Al di là delle finzioni letteraria e cinematografica, l’eutanasia è infatti una pratica già ampiamente
sdoganata da anni, con modalità differenti, in paesi come Svizzera, Belgio, Olanda, Germania,
Spagna, parte degli Stati Uniti, Australia e Canada, solo per citarne alcuni. Particolare il caso del
Canada, dove è in vigore dal 2016 il cosiddetto Medical aid in dying (Maid - Aiuto medico alla
morte), e dove nel 2021 anche le persone con problemi mentali, inclusa la depressione, sono
state incluse nel programma, suscitando un vespaio di polemiche perfino da parte di un
quotidiano tutt’altro che reazionario come il Toronto Star. Il programma per i malati mentali è
stato sospeso all’inizio del 2024 per la carenza di medici aderenti, ma nel frattempo ha già fatto
numerose vittime (si parla di oltre 13.000 persone solo nel 2022). Se il fine del suicidio assistito
può sembrare nobile (non intendo certo affermare che si dovrebbe negare il fine vita a chi sta
morendo o soffrendo senza possibilità di recupero e lo richieda nel pieno possesso delle sue
facoltà mentali), è innegabile il rischio che a usufruirne non siano solo persone realmente
convinte di questa scelta, ma anche quelle più fragili, individui esasperati dalla negazione di
assistenza regolare e cure palliative, problemi abitativi, depressione, oppure disabili e anziani
soli, sollevando il problema della responsabilità morale dello stato verso i suoi cittadini e
riesumando l’angosciante spettro dell’eugenetica.

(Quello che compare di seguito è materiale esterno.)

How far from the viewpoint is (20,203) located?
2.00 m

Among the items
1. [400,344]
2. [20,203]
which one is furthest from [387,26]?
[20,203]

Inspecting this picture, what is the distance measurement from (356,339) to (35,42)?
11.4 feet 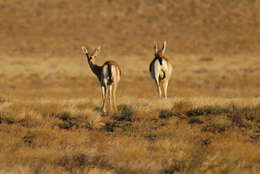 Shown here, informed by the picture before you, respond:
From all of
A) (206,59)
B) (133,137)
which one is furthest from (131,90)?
(206,59)

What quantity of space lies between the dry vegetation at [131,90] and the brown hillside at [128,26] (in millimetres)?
144

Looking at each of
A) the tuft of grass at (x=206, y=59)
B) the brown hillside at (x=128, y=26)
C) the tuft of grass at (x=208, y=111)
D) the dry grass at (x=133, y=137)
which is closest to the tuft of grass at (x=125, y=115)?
the dry grass at (x=133, y=137)

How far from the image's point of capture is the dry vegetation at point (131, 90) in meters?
7.57

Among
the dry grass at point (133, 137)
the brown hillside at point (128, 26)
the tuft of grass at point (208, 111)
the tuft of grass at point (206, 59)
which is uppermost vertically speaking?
the brown hillside at point (128, 26)

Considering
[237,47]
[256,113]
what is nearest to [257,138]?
[256,113]

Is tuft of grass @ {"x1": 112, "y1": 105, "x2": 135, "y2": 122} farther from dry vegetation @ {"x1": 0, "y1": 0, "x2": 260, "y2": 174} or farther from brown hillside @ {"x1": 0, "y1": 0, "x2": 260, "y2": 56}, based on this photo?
brown hillside @ {"x1": 0, "y1": 0, "x2": 260, "y2": 56}

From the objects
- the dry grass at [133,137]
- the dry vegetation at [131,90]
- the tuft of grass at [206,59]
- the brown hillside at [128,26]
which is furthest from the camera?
the brown hillside at [128,26]

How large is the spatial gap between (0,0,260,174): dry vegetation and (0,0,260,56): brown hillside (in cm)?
14

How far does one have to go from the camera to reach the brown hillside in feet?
164

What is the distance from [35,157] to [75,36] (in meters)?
49.1

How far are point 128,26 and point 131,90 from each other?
3486cm

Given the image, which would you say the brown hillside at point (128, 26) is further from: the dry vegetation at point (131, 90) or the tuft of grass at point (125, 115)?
the tuft of grass at point (125, 115)

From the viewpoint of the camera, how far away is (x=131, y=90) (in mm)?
26234

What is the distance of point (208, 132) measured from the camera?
9.86m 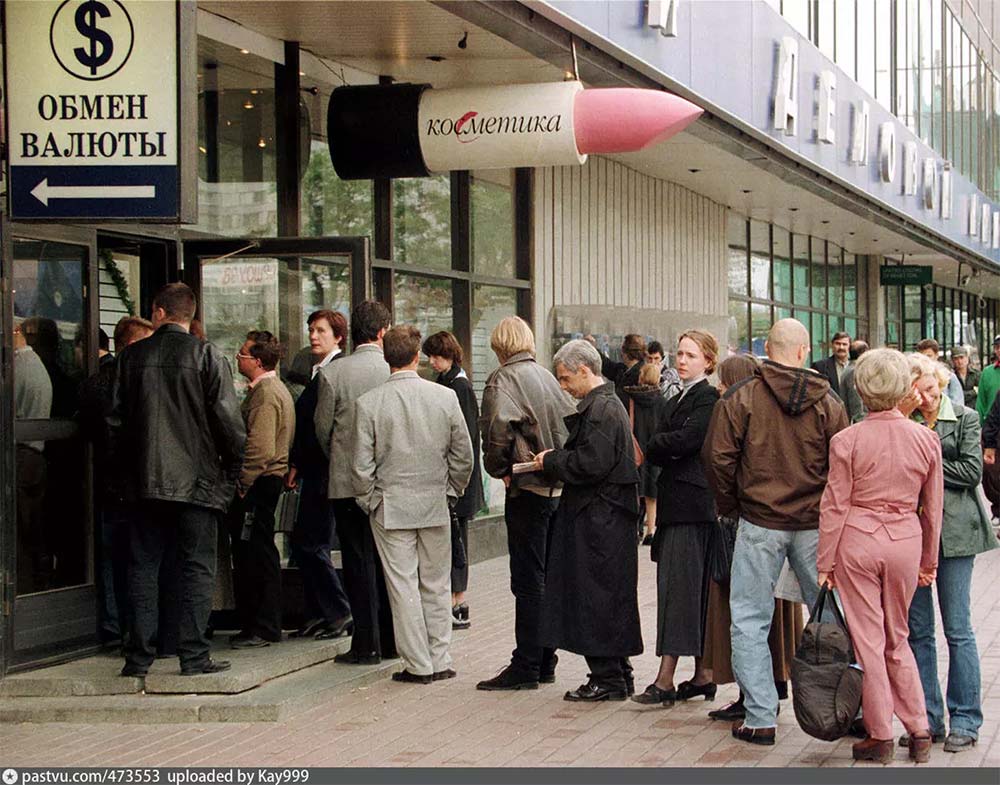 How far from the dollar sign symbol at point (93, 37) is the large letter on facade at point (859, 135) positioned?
13753 mm

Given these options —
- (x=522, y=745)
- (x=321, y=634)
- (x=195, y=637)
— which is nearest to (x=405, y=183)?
(x=321, y=634)

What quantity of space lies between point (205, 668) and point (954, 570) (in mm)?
3615

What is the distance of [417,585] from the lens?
828cm

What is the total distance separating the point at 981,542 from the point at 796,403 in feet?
3.20

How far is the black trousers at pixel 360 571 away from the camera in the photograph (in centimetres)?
837

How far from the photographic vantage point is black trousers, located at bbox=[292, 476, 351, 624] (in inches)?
346

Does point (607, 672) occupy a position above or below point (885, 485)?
below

Come tutti sanno, a dare nuova linfa alla discussione sul fine vita in Italia fu la morte di Eluana
Englaro, la giovane rimasta in stato vegetativo a seguito di un incidente stradale il cui caso
aveva diviso l’opinione pubblica e il parlamento italiano per più di un decennio. I genitori di
Eluana consideravano l'alimentazione forzata, che teneva in vita la figlia, una forma di
accanimento terapeutico, e portarono avanti una battaglia legale per anni affinché questa
venisse sospesa, fino alla sentenza della Corte d'Appello di Milano del 2008 che accolse
l’istanza: sentenza che venne attuata pochi mesi dopo, nel febbraio del 2009. Nel 2024, quindici
anni dopo, la regione Emilia Romagna ha emanato una delibera regionale con le linee guida per
l’accesso al suicidio assistito e istituito un Comitato regionale per l’etica allo scopo di esaminare
le richieste. Leggendo la notizia non ho potuto fare a meno di ricordare un tempo in cui
l’argomento (come molti altri) era tabù, e qualunque accenno all’eutanasia, anche se al di fuori
dei confini nazionali, veniva apertamente censurato e si attirava gli strali di una Chiesa oggi
penosamente silente. Ma per ogni persona che voglia farsi uccidere, c’è qualcuno che
materialmente deve prendersi carico di questa uccisione e quel che avviene è a tutti gli effetti un
omicidio legalizzato; mentre la parola eutanasia viene sempre più spesso accantonata in favore
della più accettabile locuzione di suicidio assistito, nell’errata convinzione che modificando il
linguaggio si modifichi anche la realtà, il consenso dei morituri potrà forse alleviare qualche
coscienza. Non sono certo il primo a dirlo, ma questo è un terreno minato, perché una volta
dichiarato che la vita è un bene disponibile tutto diventa lecito, i criteri che determinano chi vive
e chi muore rischiano di divenire quantomai ampi e superficiali e, un giorno, il diritto di morire
potrebbe trasformarsi nel dovere di morire.